- _Input for this task_
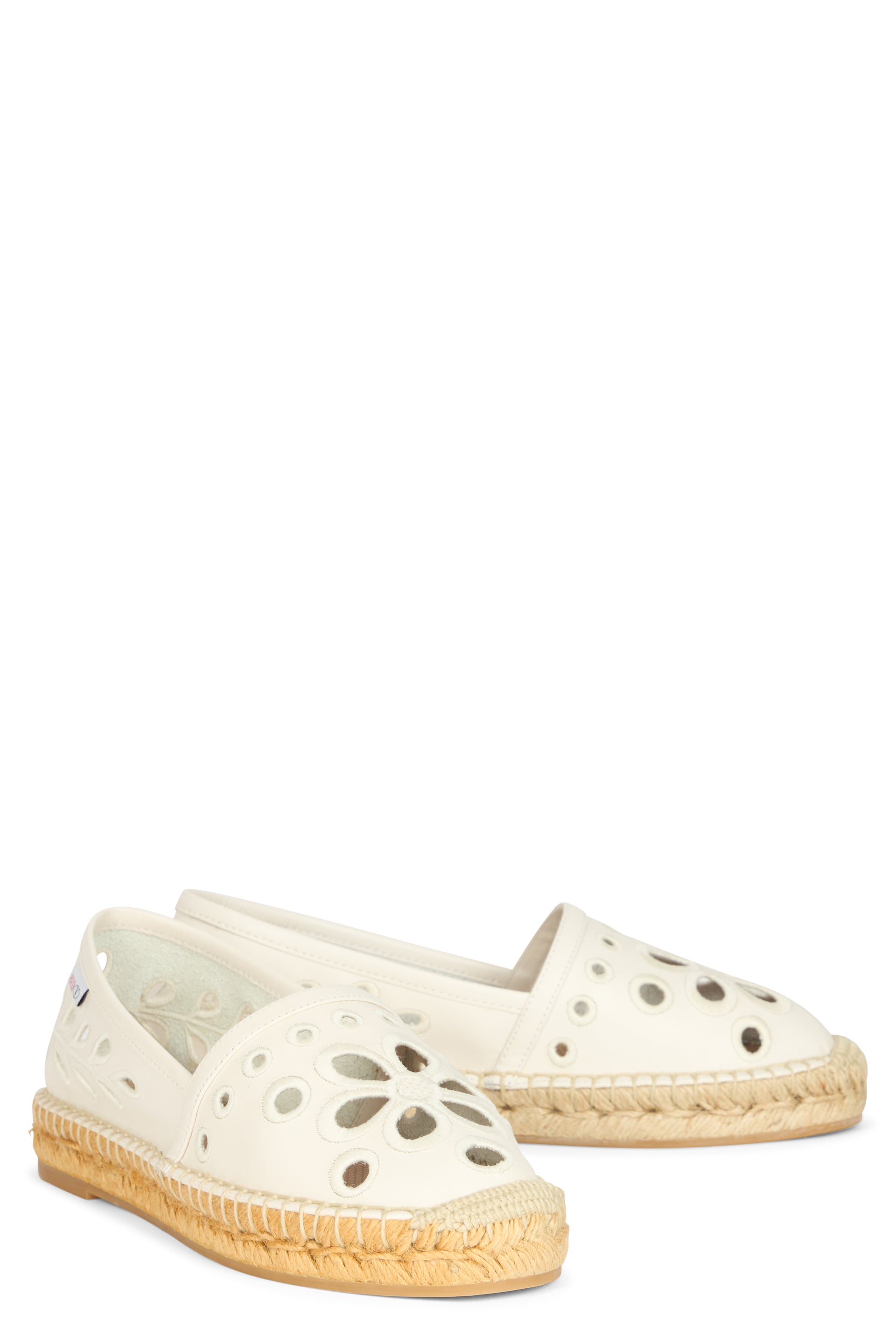 White cream summer espadrilles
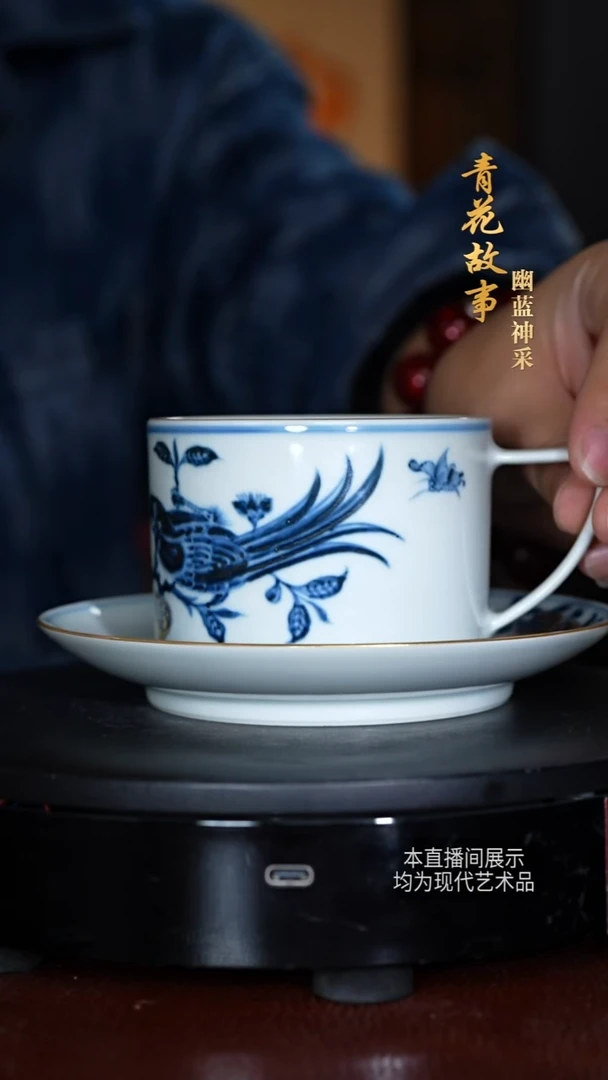 蔡文娟青花摆件101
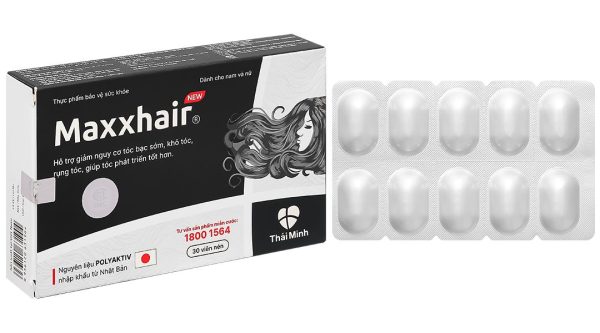Maxxhair New giảm rụng, kích thích mọc tóc hộp 30 viên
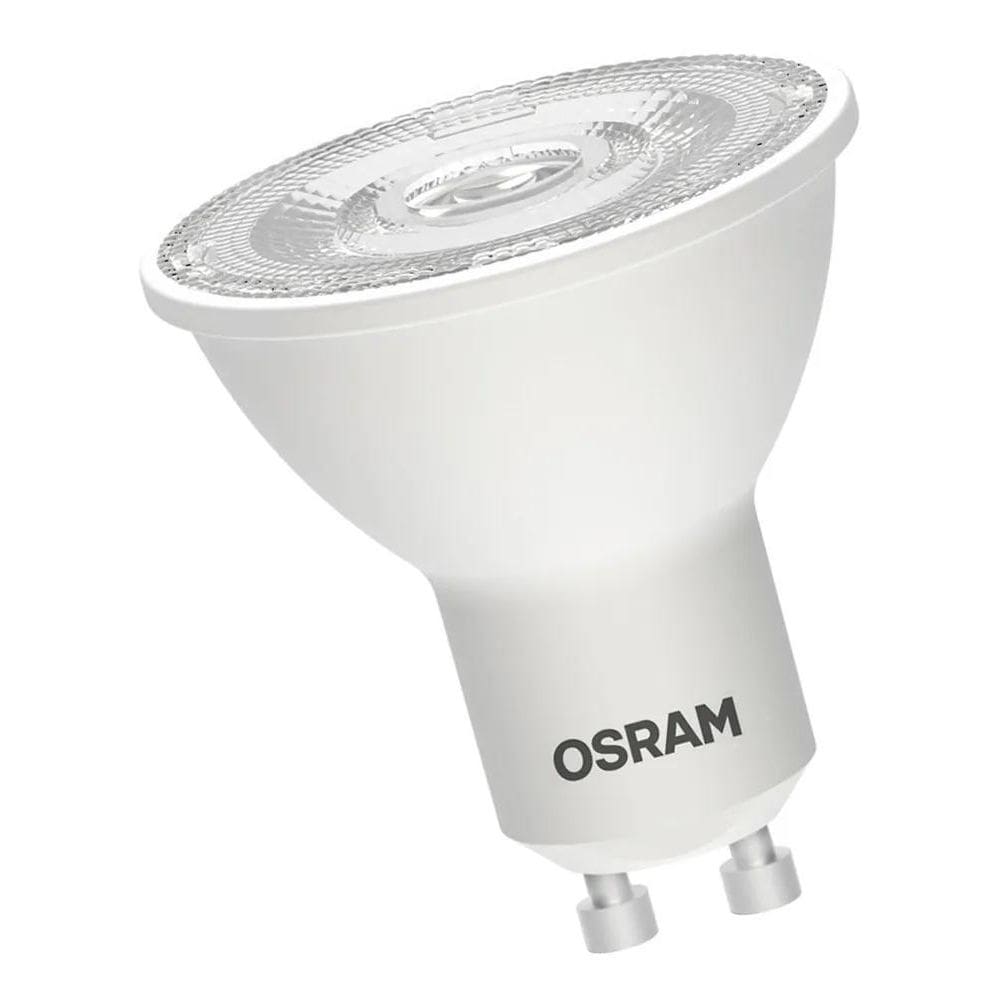 2X Lâmpada Led Dicróica Par16 Gu10 2700K 550Lm 36G Osram
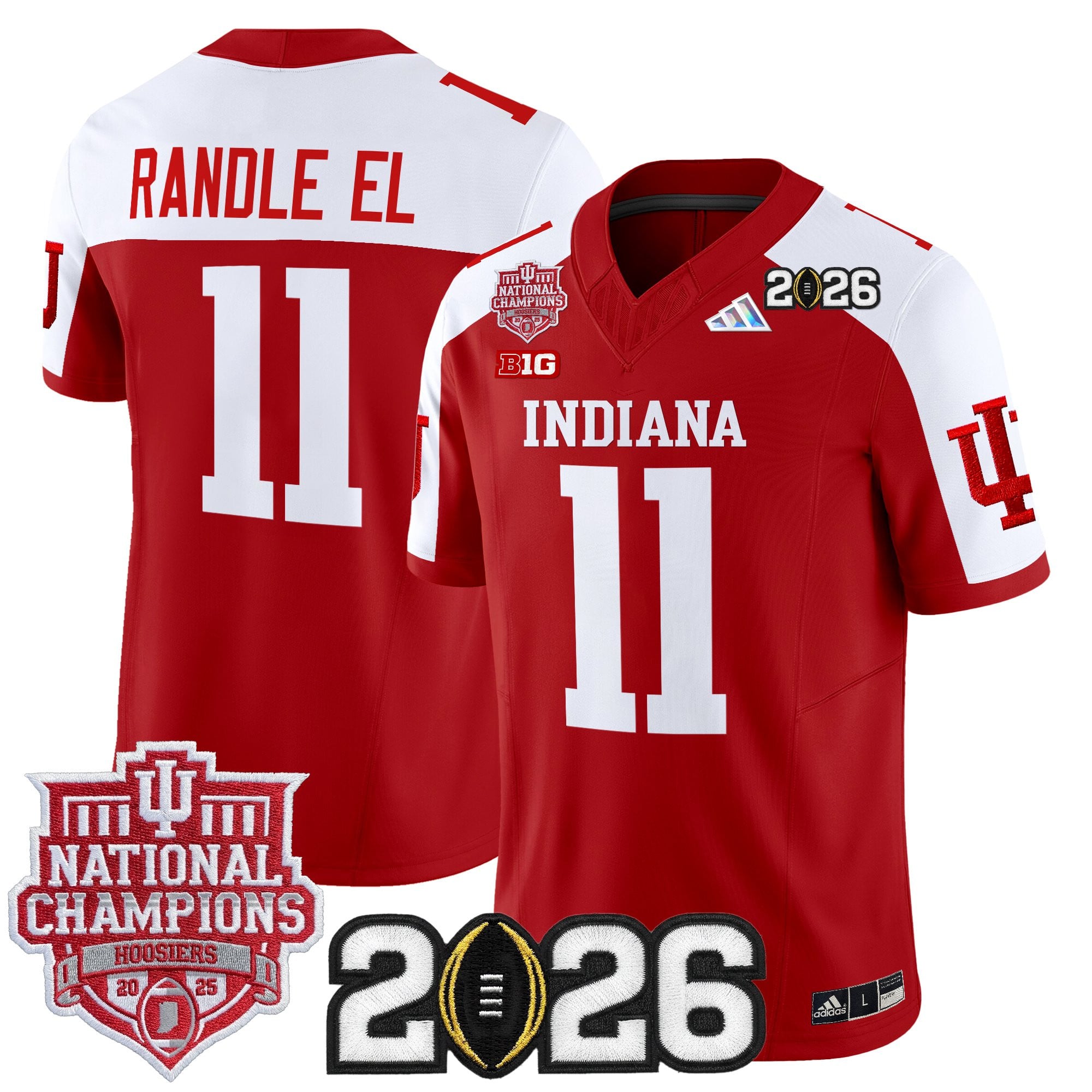 Men's Indiana Hoosiers 2025 National Champions & 2026 CFP Final Patch Vapor Limited Jersey - All Stitched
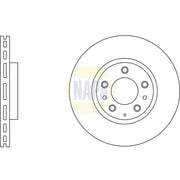 NAPA 2 x Vented Brake Discs fits Mazda 6 2007-2013 1.8 2.0 2.2 2.5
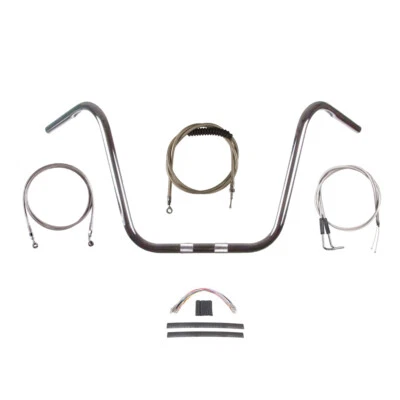 Kit de manillar colgante Ape 2006-2011 1" cromado 14" Harley-Davidson Dyna Foto 1 de 2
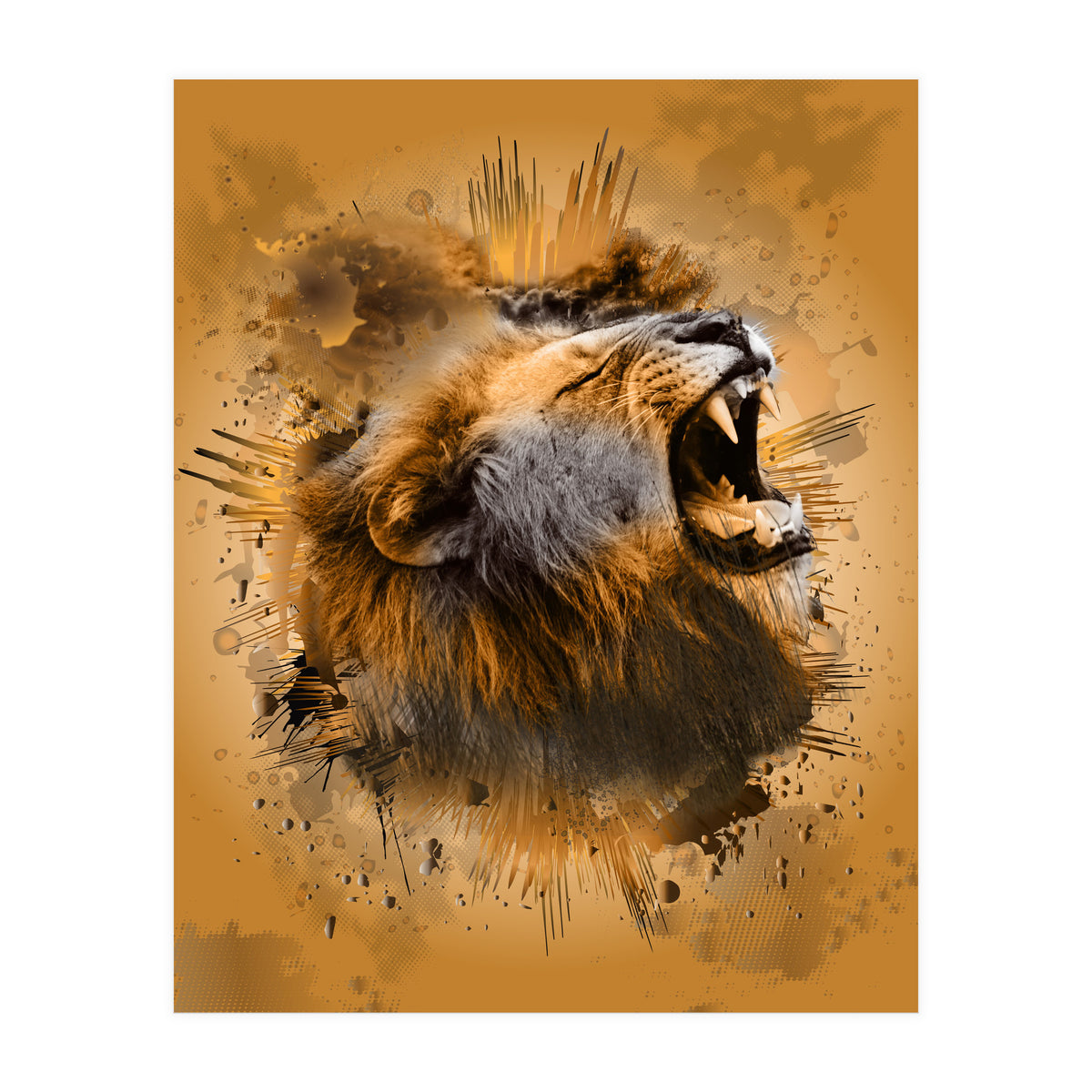 Lion Roar (Print Only)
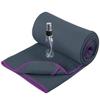 Heathyoga Hot Yoga Towel Non Slip, Microfiber Non Slip Yoga Mat Towel, Exclusive Corner Pockets Design, Dual-Grip, Sweat Absorbent, Perfect for Hot Yoga, Bikram, Pilates and Yoga Mats view 1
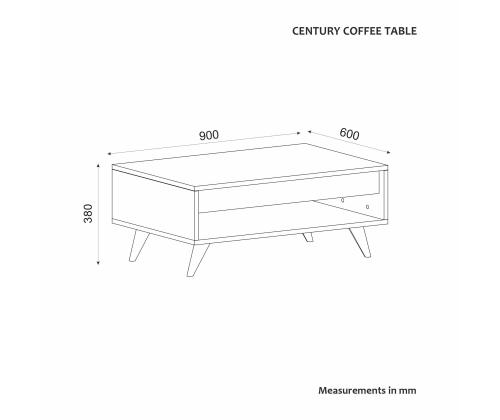 Kohvilaud Century - Sapphire Oak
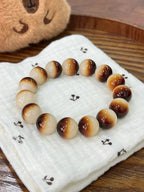 Charcoal-Fired Premium Bodhi Bead Bracelet for Fidgeting 14mm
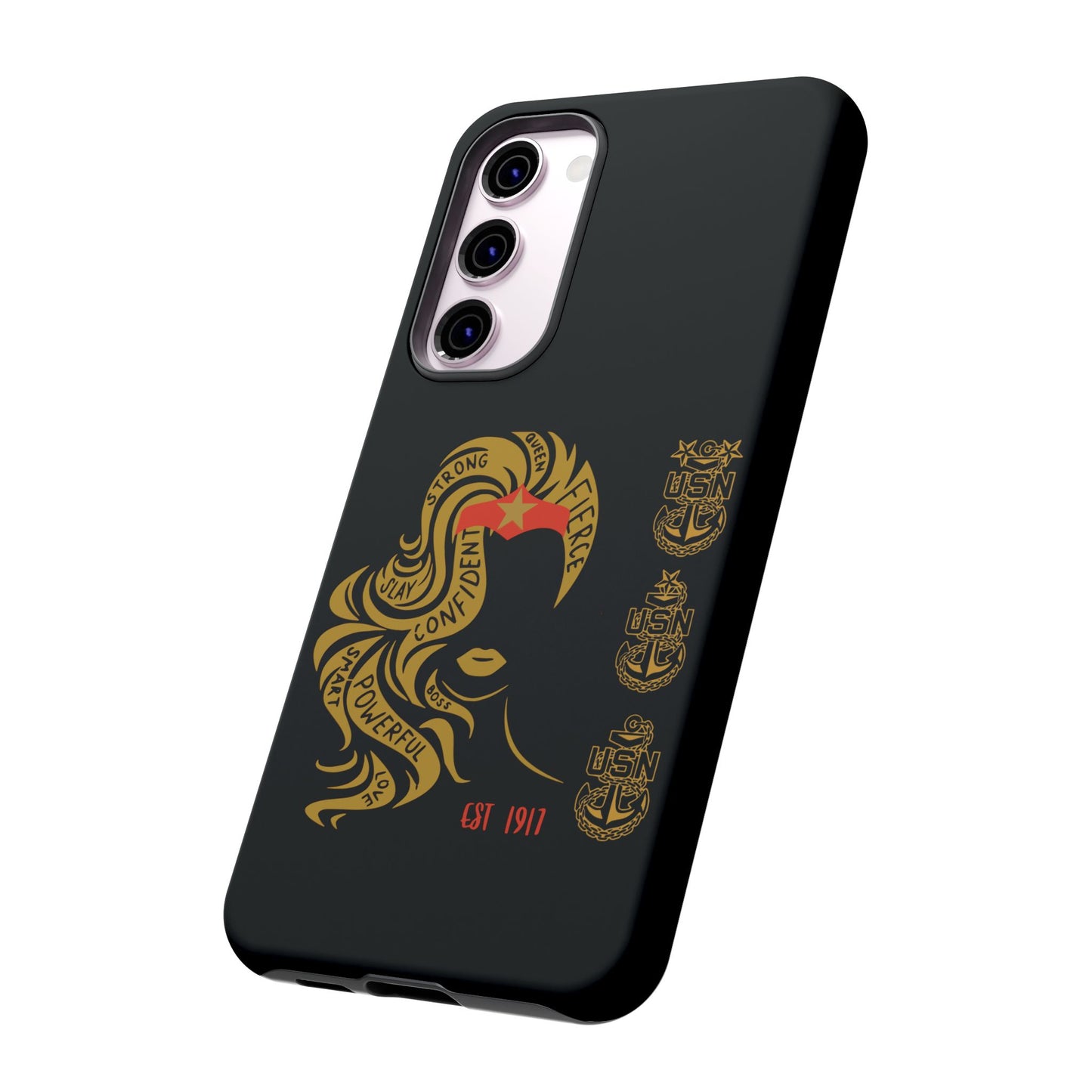 WW OG Long Hair Gold Phone Case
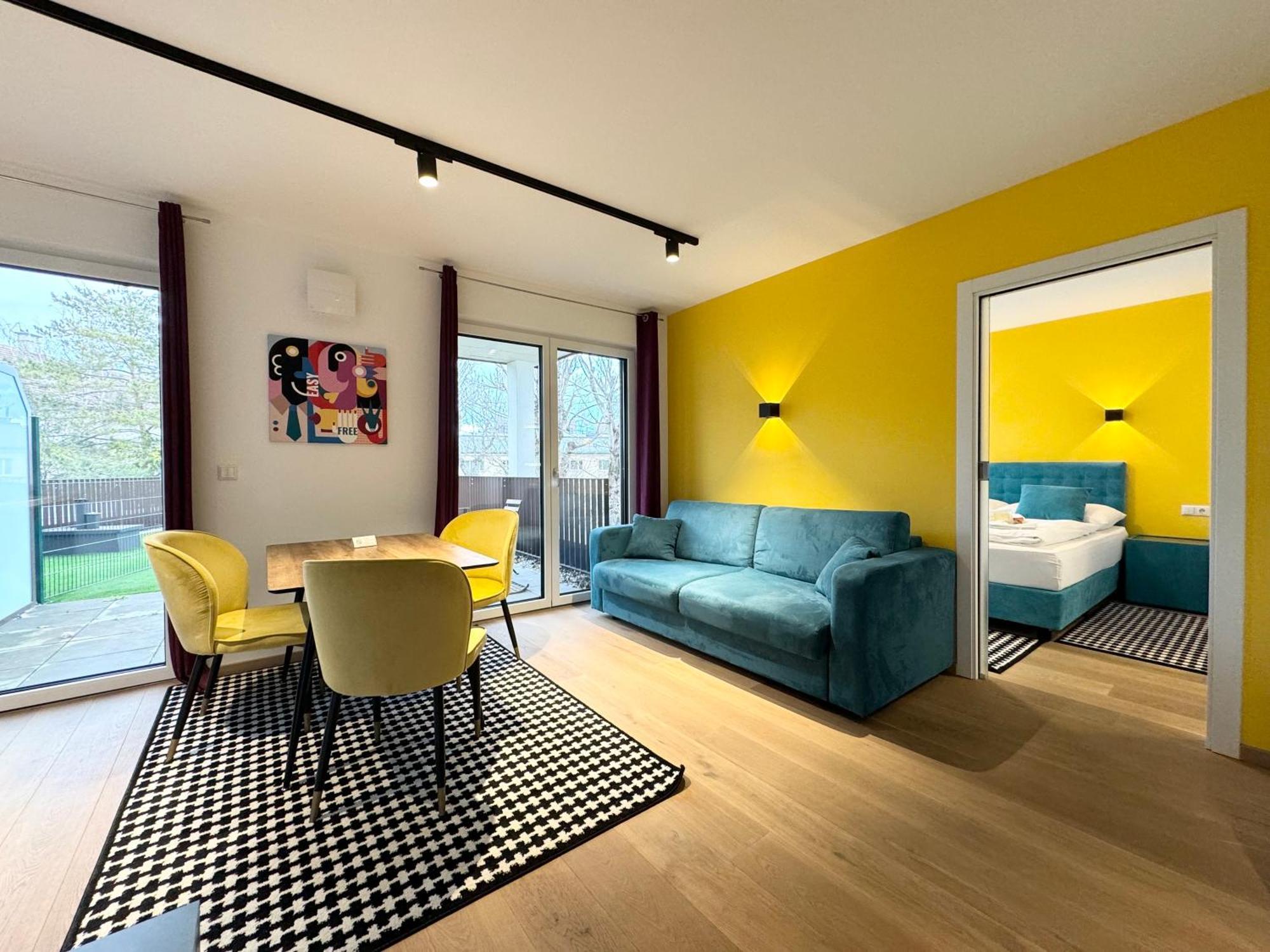 Wohnung Mit Terrasse + Parkplatz Viena Exterior foto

- _Description of the task_
Leaving every picture aside, transcribe exactly the lines from the one that contains "WW OG Long Hair Gold Phone Case" through the final line of the listing above, inclusive.

- _Solution below_
 WW OG Long Hair Gold Phone Case
 Wohnung Mit Terrasse + Parkplatz Viena Exterior foto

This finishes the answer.